Give the number of lines below with "Size" in them, leaving out anything else.

※

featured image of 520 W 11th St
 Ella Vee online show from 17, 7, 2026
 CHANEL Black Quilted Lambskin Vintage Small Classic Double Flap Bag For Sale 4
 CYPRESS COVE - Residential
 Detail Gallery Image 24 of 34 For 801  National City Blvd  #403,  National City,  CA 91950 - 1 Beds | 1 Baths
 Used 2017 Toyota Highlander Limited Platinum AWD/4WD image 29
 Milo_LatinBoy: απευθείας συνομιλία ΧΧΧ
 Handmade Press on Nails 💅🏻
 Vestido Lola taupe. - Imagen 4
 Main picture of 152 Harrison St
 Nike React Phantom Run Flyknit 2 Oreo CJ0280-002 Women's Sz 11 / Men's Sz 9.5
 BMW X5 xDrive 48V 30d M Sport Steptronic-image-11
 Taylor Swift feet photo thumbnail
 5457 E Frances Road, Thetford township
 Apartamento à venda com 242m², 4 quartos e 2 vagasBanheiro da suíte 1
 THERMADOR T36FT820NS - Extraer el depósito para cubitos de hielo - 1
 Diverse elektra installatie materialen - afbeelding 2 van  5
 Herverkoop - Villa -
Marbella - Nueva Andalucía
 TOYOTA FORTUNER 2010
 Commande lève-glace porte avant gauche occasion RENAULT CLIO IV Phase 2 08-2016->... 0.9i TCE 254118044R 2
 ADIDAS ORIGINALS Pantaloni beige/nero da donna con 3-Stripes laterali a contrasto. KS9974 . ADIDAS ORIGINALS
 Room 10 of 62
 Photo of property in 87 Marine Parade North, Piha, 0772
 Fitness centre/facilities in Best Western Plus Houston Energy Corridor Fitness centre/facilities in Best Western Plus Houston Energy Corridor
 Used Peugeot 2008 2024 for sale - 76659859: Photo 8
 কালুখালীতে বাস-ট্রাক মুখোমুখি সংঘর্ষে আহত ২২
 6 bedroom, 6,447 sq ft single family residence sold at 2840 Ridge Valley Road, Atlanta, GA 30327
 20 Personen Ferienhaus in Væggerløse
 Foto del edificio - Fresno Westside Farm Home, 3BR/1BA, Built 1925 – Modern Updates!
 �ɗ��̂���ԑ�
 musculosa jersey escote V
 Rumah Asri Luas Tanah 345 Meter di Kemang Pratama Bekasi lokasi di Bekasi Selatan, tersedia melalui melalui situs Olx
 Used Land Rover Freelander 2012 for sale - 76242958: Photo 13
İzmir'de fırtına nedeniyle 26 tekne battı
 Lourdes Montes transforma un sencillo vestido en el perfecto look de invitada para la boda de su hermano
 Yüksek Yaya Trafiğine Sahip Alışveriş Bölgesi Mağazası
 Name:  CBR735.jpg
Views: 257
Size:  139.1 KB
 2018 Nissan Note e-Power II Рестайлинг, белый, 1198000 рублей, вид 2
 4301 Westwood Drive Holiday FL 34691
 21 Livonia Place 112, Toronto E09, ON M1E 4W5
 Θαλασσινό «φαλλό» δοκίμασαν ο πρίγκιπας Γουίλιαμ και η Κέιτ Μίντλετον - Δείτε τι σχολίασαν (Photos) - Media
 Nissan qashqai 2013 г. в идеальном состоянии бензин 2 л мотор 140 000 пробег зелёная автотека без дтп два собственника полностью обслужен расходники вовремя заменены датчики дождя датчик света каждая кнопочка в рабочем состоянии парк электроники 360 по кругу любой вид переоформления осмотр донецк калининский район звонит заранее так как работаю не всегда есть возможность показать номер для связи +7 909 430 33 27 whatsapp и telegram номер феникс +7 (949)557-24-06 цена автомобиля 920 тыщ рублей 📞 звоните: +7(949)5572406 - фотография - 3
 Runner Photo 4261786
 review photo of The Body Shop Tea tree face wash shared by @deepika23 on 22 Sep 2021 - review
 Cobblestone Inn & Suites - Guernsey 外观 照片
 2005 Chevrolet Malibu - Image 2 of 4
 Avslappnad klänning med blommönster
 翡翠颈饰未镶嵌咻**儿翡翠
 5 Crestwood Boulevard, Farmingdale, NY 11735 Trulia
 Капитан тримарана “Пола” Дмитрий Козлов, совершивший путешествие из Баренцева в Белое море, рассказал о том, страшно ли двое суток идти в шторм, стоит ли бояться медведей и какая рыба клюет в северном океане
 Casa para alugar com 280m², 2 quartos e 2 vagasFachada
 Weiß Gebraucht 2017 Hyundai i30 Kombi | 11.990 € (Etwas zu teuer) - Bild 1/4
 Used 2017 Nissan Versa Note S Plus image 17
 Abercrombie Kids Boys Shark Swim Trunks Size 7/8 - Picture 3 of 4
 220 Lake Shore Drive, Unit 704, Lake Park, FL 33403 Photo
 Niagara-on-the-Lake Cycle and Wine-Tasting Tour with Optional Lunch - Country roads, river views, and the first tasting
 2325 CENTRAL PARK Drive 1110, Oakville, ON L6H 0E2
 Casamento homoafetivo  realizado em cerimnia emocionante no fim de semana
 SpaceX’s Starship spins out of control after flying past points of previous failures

※

-- Answer to the problem --
2